Are anyone able to find the educational material?
 
Ethical Considerations
The Scripps Institutional Review Board reviewed the pilot study, and it determined that it was exempt from full review given that identifiable data were not being collected.
It’s news to me that anonymised data is exempt from ethical review.
 
Pacing, the careful management of exertion, is 1 effective way to manage one of the most common Long COVID challenges - postexertional malaise (PEM), also called postexertional neuroimmune exhaustion and postexertional symptom exacerbation.7,8 PEM is also a key feature of Myalgic Encephalomyelitis/Chronic Fatigue Syndrome (ME/CFS), a condition with significant overlap with Long COVID. Postexertional malaise is the worsening of symptoms that would otherwise be tolerated.

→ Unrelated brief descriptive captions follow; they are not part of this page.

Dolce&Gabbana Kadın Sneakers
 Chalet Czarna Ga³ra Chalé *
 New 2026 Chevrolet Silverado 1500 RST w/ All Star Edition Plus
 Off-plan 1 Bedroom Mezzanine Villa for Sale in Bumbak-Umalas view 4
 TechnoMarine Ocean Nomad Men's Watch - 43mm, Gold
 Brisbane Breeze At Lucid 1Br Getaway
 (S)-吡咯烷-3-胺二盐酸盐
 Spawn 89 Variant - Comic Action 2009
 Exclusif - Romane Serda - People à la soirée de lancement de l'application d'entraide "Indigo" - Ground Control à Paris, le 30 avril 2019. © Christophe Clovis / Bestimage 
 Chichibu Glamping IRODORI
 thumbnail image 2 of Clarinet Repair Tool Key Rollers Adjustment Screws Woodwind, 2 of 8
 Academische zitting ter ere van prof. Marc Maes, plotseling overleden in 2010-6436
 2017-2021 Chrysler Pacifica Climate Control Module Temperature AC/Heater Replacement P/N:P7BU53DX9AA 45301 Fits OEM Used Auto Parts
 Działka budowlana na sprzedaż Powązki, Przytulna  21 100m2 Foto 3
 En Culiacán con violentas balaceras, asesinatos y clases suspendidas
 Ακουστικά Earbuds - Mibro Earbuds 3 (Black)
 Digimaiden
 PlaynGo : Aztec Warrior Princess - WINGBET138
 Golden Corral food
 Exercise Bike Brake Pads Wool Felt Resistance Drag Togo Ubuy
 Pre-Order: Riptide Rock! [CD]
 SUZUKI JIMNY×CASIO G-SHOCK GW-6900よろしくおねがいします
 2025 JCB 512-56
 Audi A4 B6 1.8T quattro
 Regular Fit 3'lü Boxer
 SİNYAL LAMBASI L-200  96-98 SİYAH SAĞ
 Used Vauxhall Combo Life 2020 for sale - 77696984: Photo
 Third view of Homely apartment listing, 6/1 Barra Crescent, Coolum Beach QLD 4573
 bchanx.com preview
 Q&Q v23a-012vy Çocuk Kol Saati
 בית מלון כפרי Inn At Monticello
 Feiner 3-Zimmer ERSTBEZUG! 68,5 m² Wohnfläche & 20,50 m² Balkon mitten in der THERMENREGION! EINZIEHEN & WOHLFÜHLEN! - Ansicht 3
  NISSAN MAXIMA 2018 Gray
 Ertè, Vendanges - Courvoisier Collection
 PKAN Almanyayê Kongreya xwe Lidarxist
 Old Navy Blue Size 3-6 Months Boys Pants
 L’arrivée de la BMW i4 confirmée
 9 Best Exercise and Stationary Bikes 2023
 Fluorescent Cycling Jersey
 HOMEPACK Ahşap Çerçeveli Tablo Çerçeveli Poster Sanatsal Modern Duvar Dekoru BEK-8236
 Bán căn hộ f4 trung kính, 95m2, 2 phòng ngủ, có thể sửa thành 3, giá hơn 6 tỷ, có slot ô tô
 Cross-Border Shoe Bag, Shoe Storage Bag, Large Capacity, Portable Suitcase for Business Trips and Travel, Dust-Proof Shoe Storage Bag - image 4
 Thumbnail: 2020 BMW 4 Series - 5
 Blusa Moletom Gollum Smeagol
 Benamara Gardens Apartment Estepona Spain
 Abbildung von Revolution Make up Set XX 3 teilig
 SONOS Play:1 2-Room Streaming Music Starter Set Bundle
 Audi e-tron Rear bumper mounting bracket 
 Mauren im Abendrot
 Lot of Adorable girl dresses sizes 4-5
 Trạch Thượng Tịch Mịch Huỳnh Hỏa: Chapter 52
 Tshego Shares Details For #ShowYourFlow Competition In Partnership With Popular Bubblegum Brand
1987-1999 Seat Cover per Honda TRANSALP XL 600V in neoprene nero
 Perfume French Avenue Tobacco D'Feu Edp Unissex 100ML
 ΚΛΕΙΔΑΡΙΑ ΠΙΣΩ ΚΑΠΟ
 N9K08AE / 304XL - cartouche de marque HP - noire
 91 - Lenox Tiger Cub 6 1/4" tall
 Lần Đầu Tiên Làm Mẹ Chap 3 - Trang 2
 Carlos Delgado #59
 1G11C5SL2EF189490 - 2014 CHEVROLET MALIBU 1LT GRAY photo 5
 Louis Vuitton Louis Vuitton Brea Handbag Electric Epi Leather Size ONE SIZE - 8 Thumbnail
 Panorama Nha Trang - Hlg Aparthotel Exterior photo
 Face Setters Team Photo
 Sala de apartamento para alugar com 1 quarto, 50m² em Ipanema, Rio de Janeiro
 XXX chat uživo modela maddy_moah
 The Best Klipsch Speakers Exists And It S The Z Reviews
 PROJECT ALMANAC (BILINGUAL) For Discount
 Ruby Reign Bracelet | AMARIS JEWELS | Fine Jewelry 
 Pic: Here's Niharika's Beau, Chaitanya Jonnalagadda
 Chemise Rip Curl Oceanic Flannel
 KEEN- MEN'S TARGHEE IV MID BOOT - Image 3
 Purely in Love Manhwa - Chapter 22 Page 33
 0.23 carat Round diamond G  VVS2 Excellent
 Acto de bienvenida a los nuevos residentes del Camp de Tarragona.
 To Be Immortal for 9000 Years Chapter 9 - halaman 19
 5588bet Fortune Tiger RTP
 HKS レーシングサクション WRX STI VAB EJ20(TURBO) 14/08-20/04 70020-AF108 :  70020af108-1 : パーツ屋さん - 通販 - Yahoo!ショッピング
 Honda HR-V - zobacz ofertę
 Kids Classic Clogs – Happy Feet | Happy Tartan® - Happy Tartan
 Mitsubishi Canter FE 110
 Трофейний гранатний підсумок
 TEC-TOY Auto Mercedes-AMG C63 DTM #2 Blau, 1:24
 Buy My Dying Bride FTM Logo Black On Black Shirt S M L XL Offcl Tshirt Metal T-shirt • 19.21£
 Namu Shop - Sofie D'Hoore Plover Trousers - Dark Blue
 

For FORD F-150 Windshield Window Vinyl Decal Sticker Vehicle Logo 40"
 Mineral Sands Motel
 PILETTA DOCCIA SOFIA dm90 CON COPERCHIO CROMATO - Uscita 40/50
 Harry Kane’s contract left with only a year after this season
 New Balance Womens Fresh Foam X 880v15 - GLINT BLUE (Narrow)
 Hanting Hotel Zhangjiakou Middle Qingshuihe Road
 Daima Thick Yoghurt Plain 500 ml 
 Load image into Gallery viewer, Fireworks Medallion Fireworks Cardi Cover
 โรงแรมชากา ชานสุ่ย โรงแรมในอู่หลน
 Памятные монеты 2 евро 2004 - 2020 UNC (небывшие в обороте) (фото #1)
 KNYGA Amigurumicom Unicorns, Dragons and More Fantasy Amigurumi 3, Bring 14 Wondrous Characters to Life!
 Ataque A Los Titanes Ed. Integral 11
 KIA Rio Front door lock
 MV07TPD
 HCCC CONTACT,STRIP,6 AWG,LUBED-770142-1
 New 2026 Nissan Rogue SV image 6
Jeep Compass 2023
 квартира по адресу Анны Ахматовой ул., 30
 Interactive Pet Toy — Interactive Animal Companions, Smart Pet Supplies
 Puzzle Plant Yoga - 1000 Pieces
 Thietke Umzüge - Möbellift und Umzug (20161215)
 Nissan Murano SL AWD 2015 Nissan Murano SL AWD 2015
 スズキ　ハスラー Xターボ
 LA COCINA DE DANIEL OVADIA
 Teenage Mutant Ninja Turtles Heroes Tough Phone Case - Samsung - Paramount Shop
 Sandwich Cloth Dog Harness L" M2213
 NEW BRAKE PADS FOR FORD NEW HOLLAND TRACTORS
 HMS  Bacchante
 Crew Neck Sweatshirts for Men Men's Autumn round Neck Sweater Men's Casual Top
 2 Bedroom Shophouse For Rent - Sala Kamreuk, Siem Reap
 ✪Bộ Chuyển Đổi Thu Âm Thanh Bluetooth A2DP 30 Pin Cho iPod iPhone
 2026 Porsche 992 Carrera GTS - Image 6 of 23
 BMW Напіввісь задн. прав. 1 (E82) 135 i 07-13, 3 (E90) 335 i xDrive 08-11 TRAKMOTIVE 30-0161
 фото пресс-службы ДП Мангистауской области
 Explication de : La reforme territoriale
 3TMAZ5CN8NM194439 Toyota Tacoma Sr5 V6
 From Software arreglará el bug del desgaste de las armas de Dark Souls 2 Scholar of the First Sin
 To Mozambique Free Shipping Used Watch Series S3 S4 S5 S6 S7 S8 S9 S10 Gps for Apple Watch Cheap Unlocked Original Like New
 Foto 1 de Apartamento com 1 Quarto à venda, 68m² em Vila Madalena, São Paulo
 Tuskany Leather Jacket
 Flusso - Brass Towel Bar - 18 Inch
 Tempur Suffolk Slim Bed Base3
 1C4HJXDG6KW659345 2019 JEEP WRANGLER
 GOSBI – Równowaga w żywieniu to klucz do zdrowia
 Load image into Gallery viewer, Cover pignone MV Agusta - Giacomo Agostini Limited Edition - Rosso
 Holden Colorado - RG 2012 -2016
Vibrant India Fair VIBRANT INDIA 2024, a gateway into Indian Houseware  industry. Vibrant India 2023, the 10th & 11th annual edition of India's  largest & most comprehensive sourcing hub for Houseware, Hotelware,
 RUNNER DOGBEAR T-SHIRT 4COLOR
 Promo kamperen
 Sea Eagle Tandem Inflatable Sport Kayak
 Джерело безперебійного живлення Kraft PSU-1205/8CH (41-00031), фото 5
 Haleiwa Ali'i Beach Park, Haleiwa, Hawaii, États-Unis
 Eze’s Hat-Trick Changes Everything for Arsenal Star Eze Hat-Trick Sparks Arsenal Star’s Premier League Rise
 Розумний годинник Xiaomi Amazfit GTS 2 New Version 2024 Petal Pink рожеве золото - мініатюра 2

Worsening symptoms can include physical fatigue, cognitive difficulties, sleep issues, and loss of stamina. Postexertional malaise can occur immediately or a few days after exertion.2,9
I don’t think they understand what PEM is based on this description.
 
By combining previous research findings and the patient experiences described within the Body Politic COVID-19 community, we designed a study, called the Long COVID Wearable Study,29 to evaluate whether wrist-worn wearables and educational materials could help patients pace and reduce Long COVID symptom severity. Here we describe the result of user testing that was done as part of the study design process. We plan to follow this with a randomized control trial with 1000 participants.
29 is this:
https://www.s4me.info/threads/the-l...slational-science-institute-california.36078/
 
Clinical Pearls
  • •Pacing, the careful management of exertion, is used to manage conditions such as ME/CFS; however, it is difficult to implement.
  • •Early data from user testing to inform a larger study is consistent with the patient community's reported benefit of using wrist-worn wearables to support people with Long COVID in implementing pacing.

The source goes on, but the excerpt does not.